Masuk ke dalam Puri Batin, sebuah catatan retret delapan hari (8), Ruang ketujuh, Pernikahan rohani, selesai


Sahabat terkasih, Setelah melewati pembahasan yang sangat panjang pada ruangan keenam kitaakhirnya sampai di ruang ketujuh. Ruang terakhir dalam buku Puri Batin. Kita akan terus melangkah meskipun ada banyak kebingungan pada ruang-ruang sebelumnya. Misalnya mengenai berbagai fenomena mistik dalam ruang sebelum ini. Meskipun saya sudah mencoba membahasnya dengan cukup panjang, mungkin semakin membuat pembaca menjadi bingung. Kiranya Roh Allah sendiri membimbing Anda ketika membaca buku Puri Batin sehingga mampu memahami dengan lebih baik.

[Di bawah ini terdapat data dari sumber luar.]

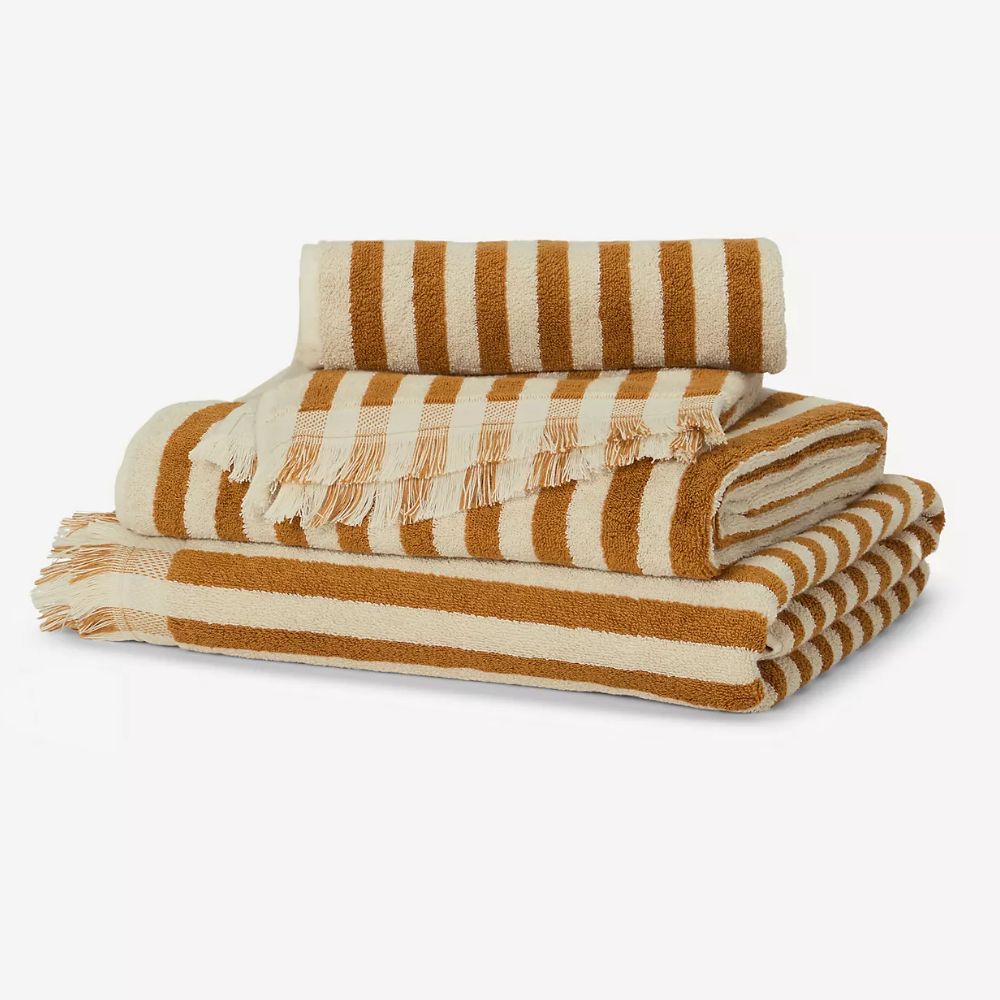 ochre striped towels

Sekarang kita akan melangkah ke dalam ruang ketujuh. Ada yang menarik untuk kita lihat sebelum masuk lebih dalam. Dalam ruang-ruang sebelumnya, dari ruang pertama hingga ruang keenam, seolah ada pintu yang menghubungkan tiap ruang. Orang harus melewati pintu itu untuk bisa masuk ke dalam ruang yang lebih lanjut. Namun berbeda dengan ruang keenam dan ketujuh. Teresa menjelaskan bahwa di sini tidak ada pintu penghubung itu. Saya membayangkan seperti aula yang panjang. Di ujung aula ada berbagai macam hiasan yang indah. Kita bisa berhenti di sana untuk menikmati hiasan-hiasan yang indah itu. Atau kita tetap melangkah masuk sambil menikmati berbagai hiasan itu hingga akhirnya sampai di ujung aula yang lain. Sampai di tempat Sri Baginda berdiam. Meskipun tidak ada pintu pemisah antara ruang keenam dan ketujuh, nyatanya tidak banyak jiwa yang sampai ke sana. Rupanya berbagai hiasan itu begitu menarik sehingga mampu membuat jiwa berhenti untuk menikmatinya. Hiasan-hiasan yang saya maksudkan di sini adalah berbagai anugerah fenomena mistik.

Persatuan : Pernikahan Rohani
                  Di sinilah ruang kediaman Tuhan Sang Raja Agung. Di sana Dia menjadikan jiwa hanya milik-Nya. Ada persatuan, ada pernikahan rohani Antara Allah dan jiwa yang mengasihi-Nya. Allah Tritunggal menetap di dalam jiwa seperti yang dikatakan dalam Injil Yohanes. “Jika seorang mengasihi Aku, ia akan menuruti firman-Ku dan Bapa-Ku akan mengasihi dia dan Kami akan datang kepadanya dan diam bersama-sama dengan dia” (Yoh 14:23). Persatuan yang utuh dan mendalam. Menurut Teresa, pengalaman ini diperoleh dalam vision akal budi yang lebih terang dari pada pengalaman serupa di ruang sebelumnya. Anugerah ini tidak akan hilang lagi. Meskipun seluruh panca indera dan daya-daya batinnya sibuk dengan berbagai urusan duniawi, tetapi hatinya berada dalam pangkuan allah Tritunggal. Persatuan itu tidak terpisahkan lagi.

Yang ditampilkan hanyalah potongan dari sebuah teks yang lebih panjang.